LOS ANGELES, November 12. /TASS/. NHL’s Los Angeles Kings designated as a non-roster player its Russian defenseman Slava Voynov, who was arrested in California on October 20 on suspicion of domestic violence, the club’s official website reported.

In order to clear the roster spot the club signed up defenseman Jamie McBain, 26, under a one-year contract for the league’s salary-cap-friendly of $550,000. McBain started practicing on Monday and will join the club for away game on Wednesday against Anaheim Ducks.

According to the official website of Los Angeles Kings, teams can designate the status of the non-roster player to athletes, who are not available to play "due to reasons other than injury, illness or disability.”

Voynov, currently under the NHL’s suspension, already missed nine games since his arrest but he was reported training alone on the club’s home ice on Monday. Under the suspension he is banned from all activities of his club, which is the defending Stanley Cup champion.

Los Angeles law enforcers have not pressed any formal charges against the 24-year-old defenseman of Los Angeles Kings as of yet and a tentative court hearing was set for December 1. Voynov was released from custody after posting $50,000 bail.

The National Hockey League (NHL) acted swiftly after the news of the athlete’s arrest broke out and announced his indefinite suspension. Voynov’s Los Angeles Kings club followed the NHL’s suit.

The NHL said in its official statement that Voynov was “suspended indefinitely from all club activities pending a formal investigation by the National Hockey League of an arrest this morning on charges of domestic violence.”

The statement added that if the NHL had failed to suspend the player at the issue it “would create a substantial risk of material harm to the legitimate interests and/or reputation of the league.”

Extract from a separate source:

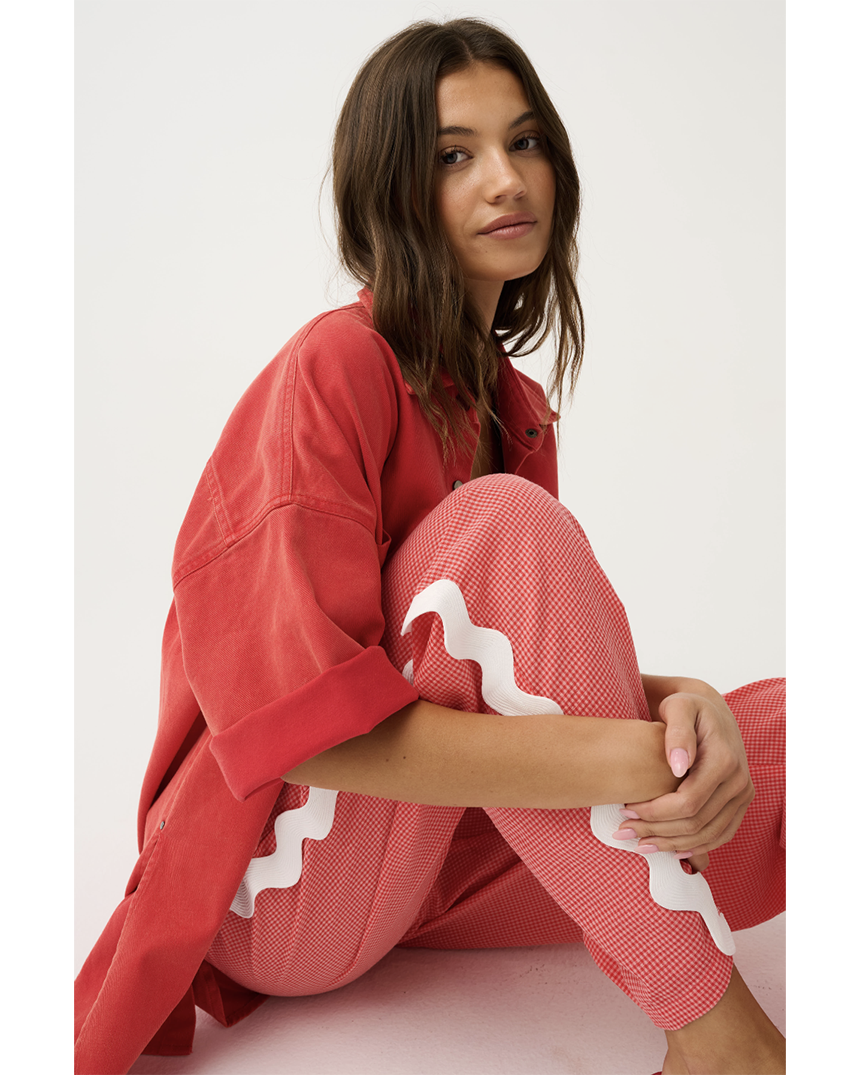 Blair Beach Pant Coral Gingham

Voynov was a member of the Russian national team playing at this year’s Winter Olympic Games in Sochi and was one of the key contributors for his NHL’s Los Angeles Kings club prestigious Stanley Cup trophies in 2012 and 2014. Following the 2012-2013 season Voynov signed with Los Angeles Kings signed a six-year contract worth $25 million.

Similar to Voynov’s incident took place last year with another Russia’s NHL player Semyon Varlamov, who is the key goalie of the Russian national ice hockey team and of Colorado Avalanche.

In late October of 2013 Varlamov was arrested on suspicion of domestic violence and was charged with third-degree assault and second-degree kidnapping. The charges against the Russian goalie were dropped over the following two months as prosecutors cited the lack of evidence in his case.

However, unlike Voynov, Varlamov was not suspended by the NHL and continued playing throughout two months of court hearings into his case.